> _INSTRUCTIONS TO FOLLOW_
Find every line in the records below that contains "image", and copy it.

> _DATA IN THIS EXERCISE_
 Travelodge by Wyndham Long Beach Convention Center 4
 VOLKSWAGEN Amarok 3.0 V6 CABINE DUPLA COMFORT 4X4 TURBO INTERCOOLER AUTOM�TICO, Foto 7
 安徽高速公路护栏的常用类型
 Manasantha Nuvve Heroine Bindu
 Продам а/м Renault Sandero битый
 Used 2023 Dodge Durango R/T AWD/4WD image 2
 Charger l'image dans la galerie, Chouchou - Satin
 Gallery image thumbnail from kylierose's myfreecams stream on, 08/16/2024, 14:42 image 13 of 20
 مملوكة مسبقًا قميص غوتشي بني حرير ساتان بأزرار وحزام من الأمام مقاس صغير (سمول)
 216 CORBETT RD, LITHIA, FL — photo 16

==

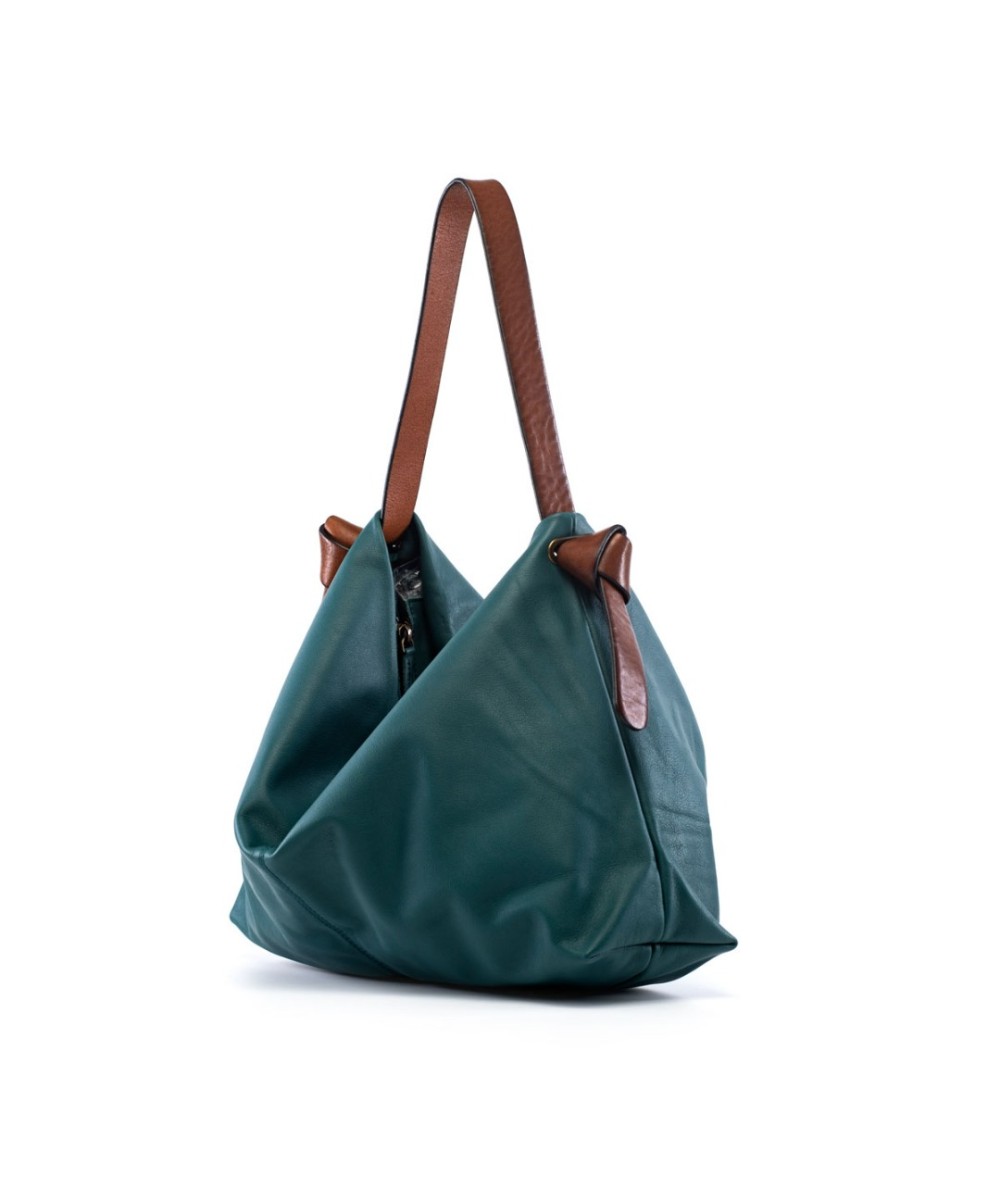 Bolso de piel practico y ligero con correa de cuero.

> _EXERCISE OUTPUT_
 Used 2023 Dodge Durango R/T AWD/4WD image 2
 Charger l'image dans la galerie, Chouchou - Satin
 Gallery image thumbnail from kylierose's myfreecams stream on, 08/16/2024, 14:42 image 13 of 20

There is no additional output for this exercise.